*TASK REQUIREMENTS*
Write out the data again exactly, skipping every picture.

*SUPPLIED INFORMATION*
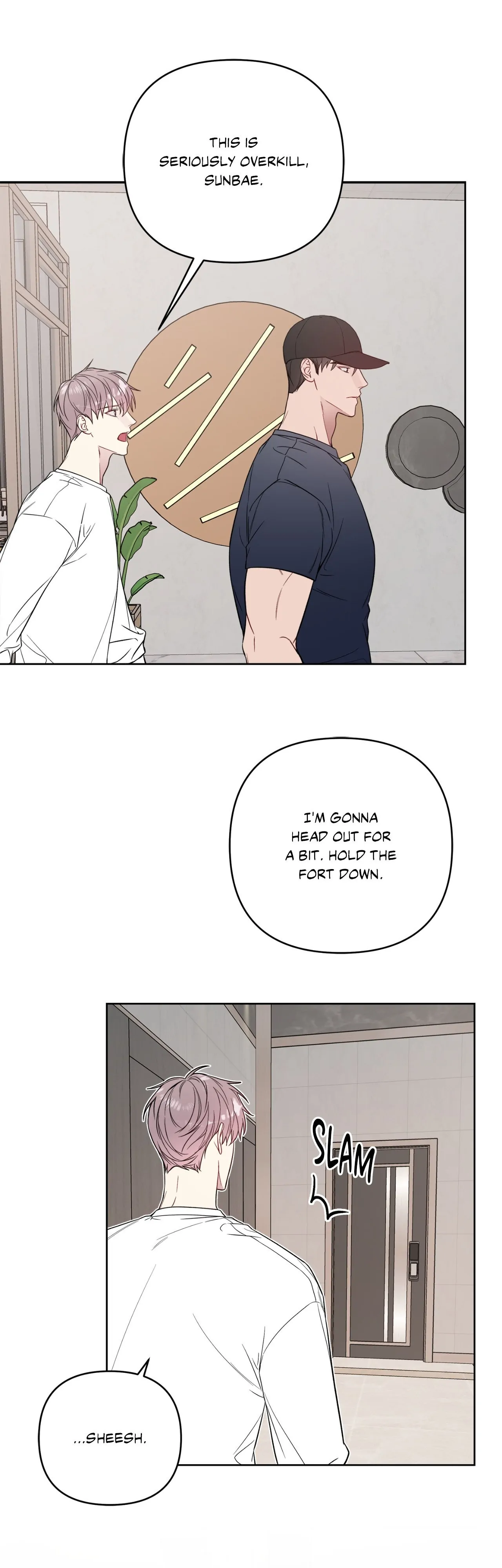 Rent Free - Chapter 45 manhwa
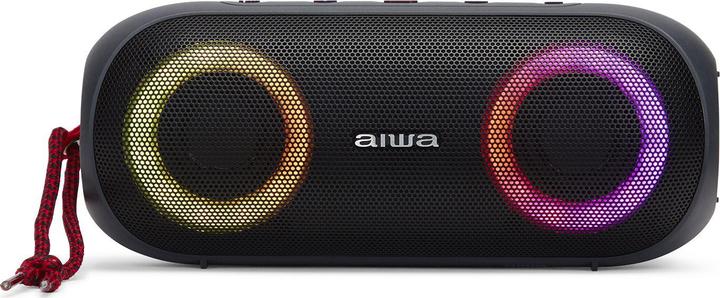 Immagine prodotto Aiwa Altoparlante BST-650 nero (8.50 h, Porta USB)
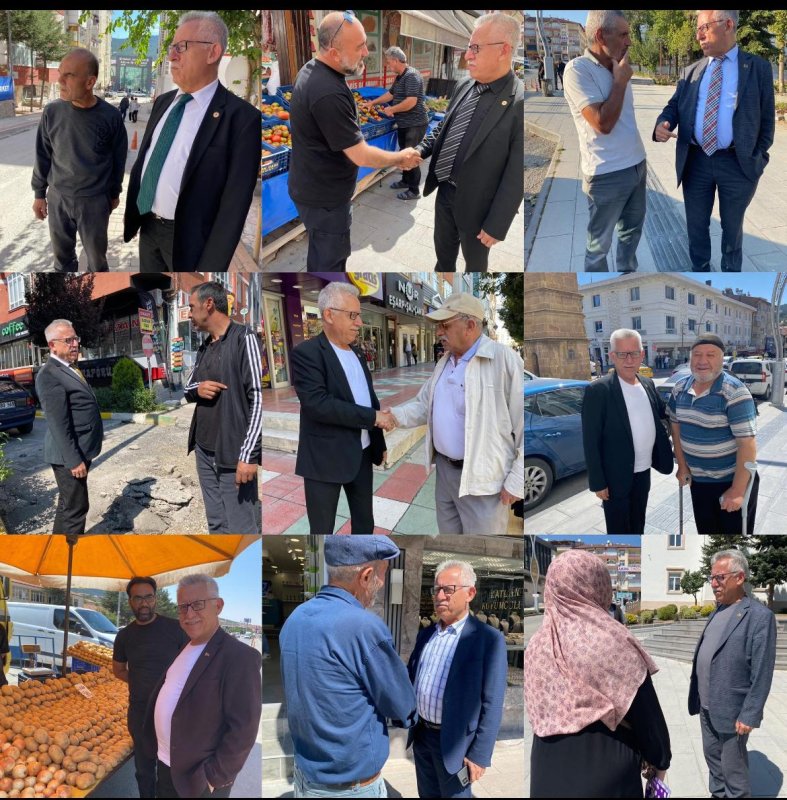 Aslanlar Gibi Çarşı Gezmesi Yaptı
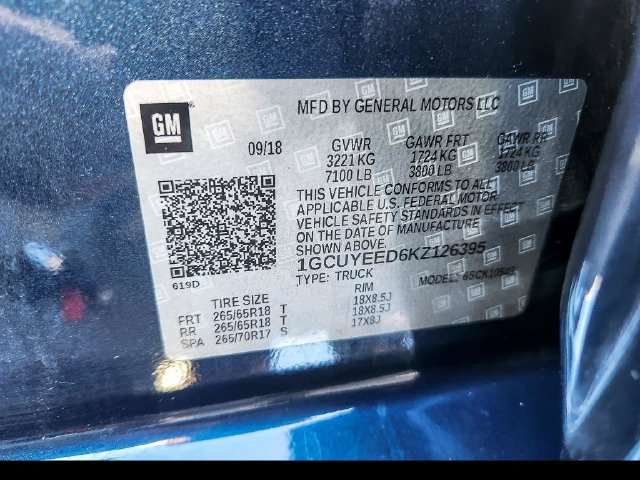 2019 Chevrolet Silverado 1500 RST - Photo 28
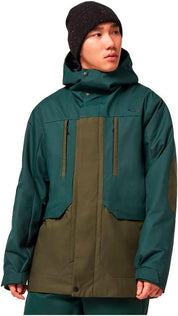 Oakley Sierra Insulated Men's Jacket - Hunter Green/New Dk Brush (2023)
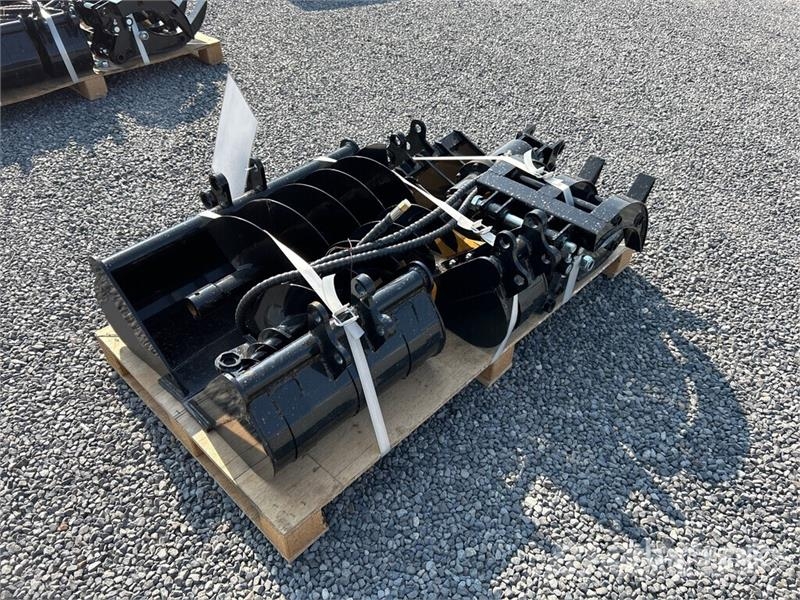 Quantity of (9) AGT 12EX-ATA Mini Excavator Attac Other components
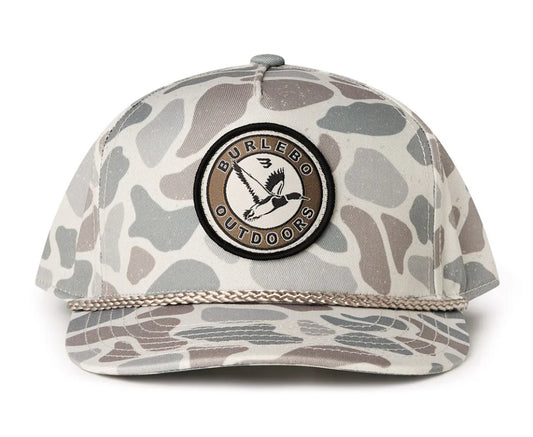 Circle Mallard Hat- Classic Deer Camo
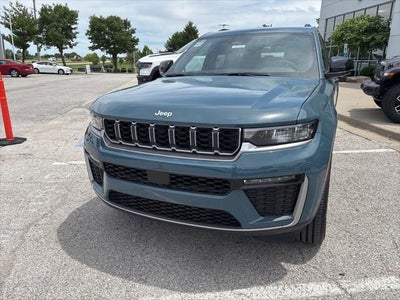 2026 Jeep Grand Cherokee GRAND CHEROKEE L LIMITED 4X4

*SOLVED PROBLEM*
 Rent Free - Chapter 45 manhwa
 Immagine prodotto Aiwa Altoparlante BST-650 nero (8.50 h, Porta USB)
 Aslanlar Gibi Çarşı Gezmesi Yaptı
 2019 Chevrolet Silverado 1500 RST - Photo 28
 Oakley Sierra Insulated Men's Jacket - Hunter Green/New Dk Brush (2023)
 Quantity of (9) AGT 12EX-ATA Mini Excavator Attac Other components
 Circle Mallard Hat- Classic Deer Camo
 2026 Jeep Grand Cherokee GRAND CHEROKEE L LIMITED 4X4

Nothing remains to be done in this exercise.